◆ DESCRIPTION OF THE TASK: Return each line of the listing exactly, though without its images.

◆ EXTRACTED INFORMATION:
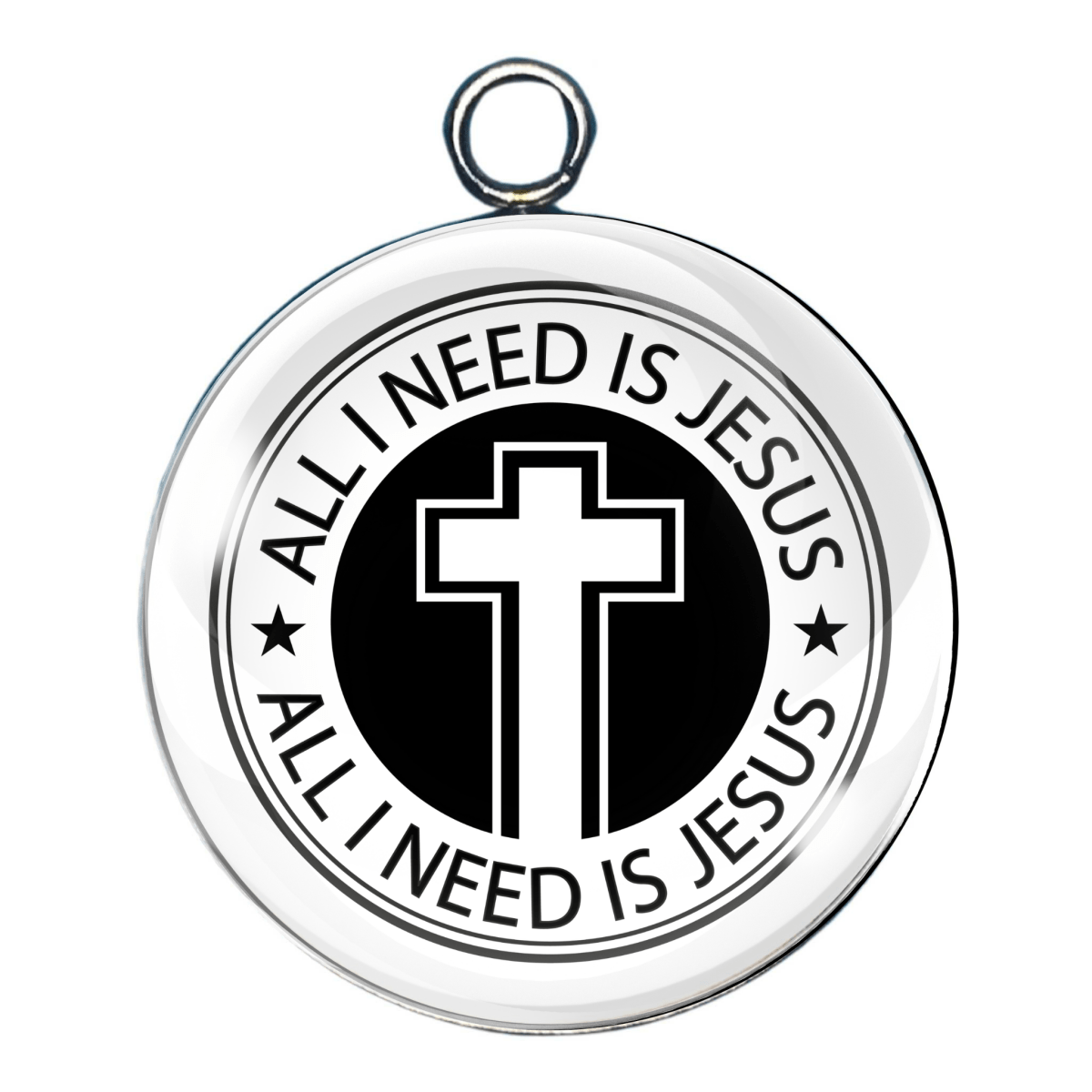 Love Jesus Glass Cabochon Charms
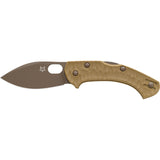 Stainless Steel Lockback Pocket Knife FRN Handle Fox Italy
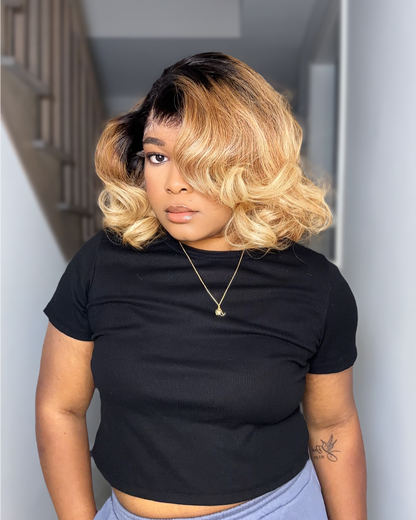 HONEY BLONDE LACE FRONTAL BOB WIG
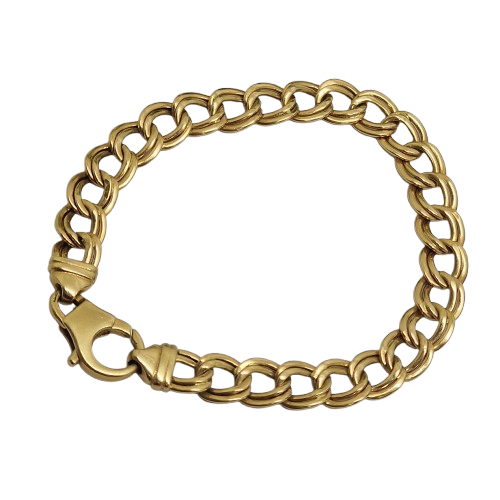 Bracelet or maille gourmette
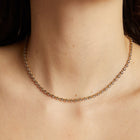 Black Rhodium Georgian Tennis Necklace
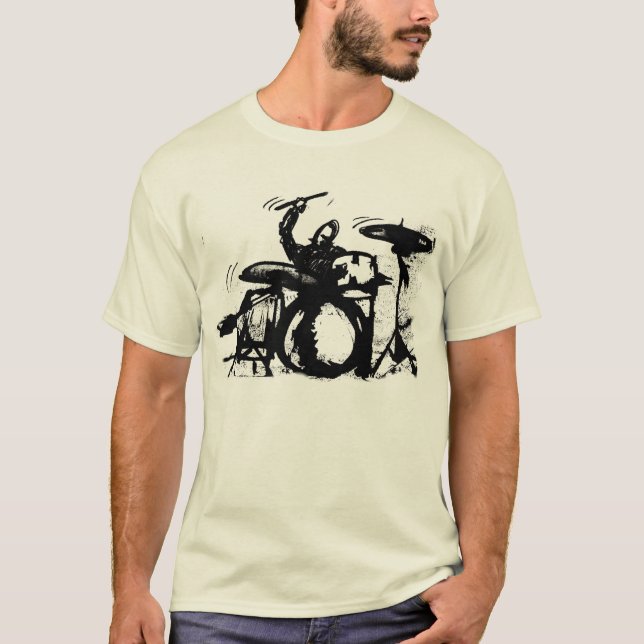 Drums Tee Shirt (Framsida)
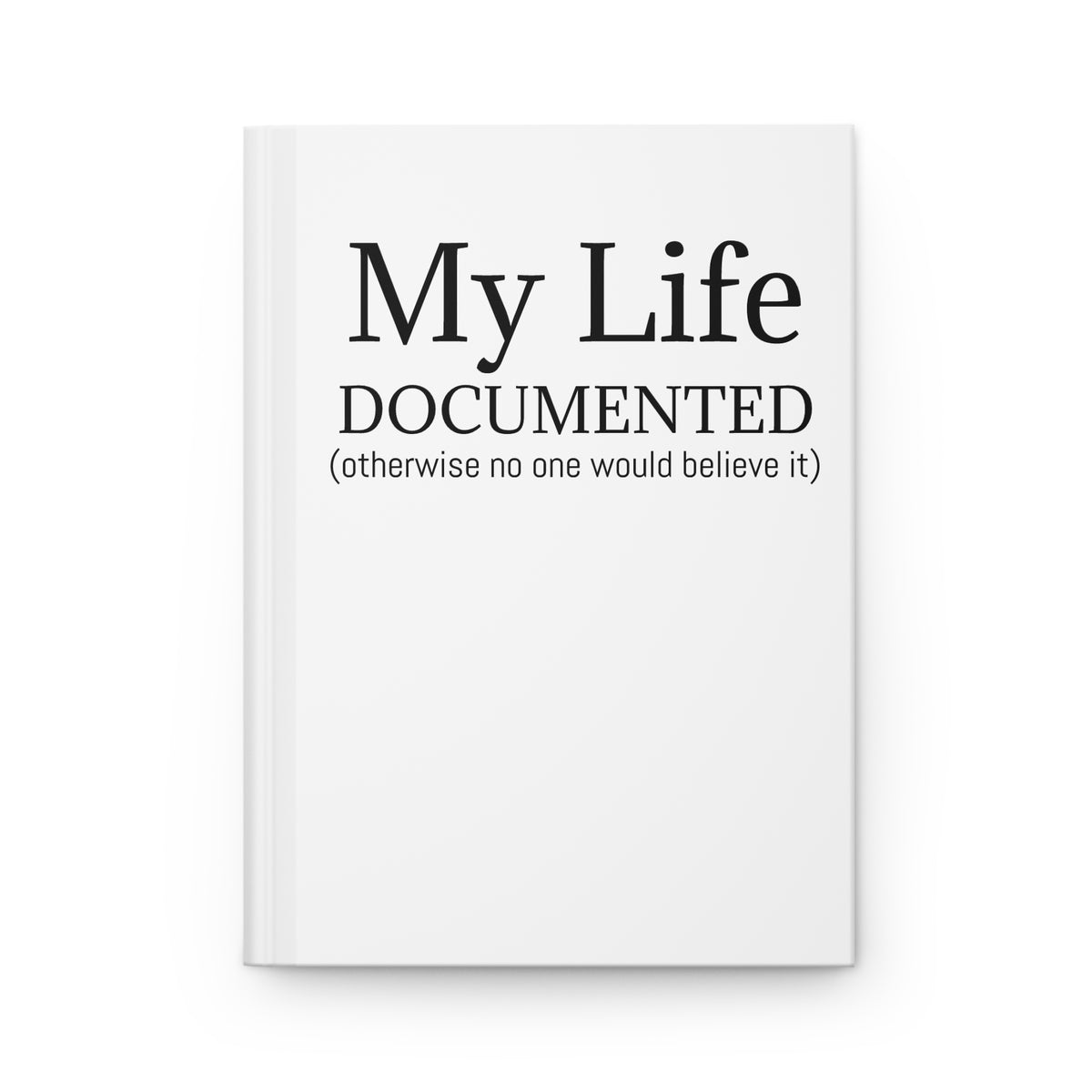 Your Perfect Journal, My Life Documented (otherwise no one would believe it), for the writer in you. Write your story!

◆ TASK RESPONSE:
 Love Jesus Glass Cabochon Charms
 Stainless Steel Lockback Pocket Knife FRN Handle Fox Italy
 HONEY BLONDE LACE FRONTAL BOB WIG
 Bracelet or maille gourmette
 Black Rhodium Georgian Tennis Necklace
 Drums Tee Shirt (Framsida)
 Your Perfect Journal, My Life Documented (otherwise no one would believe it), for the writer in you. Write your story!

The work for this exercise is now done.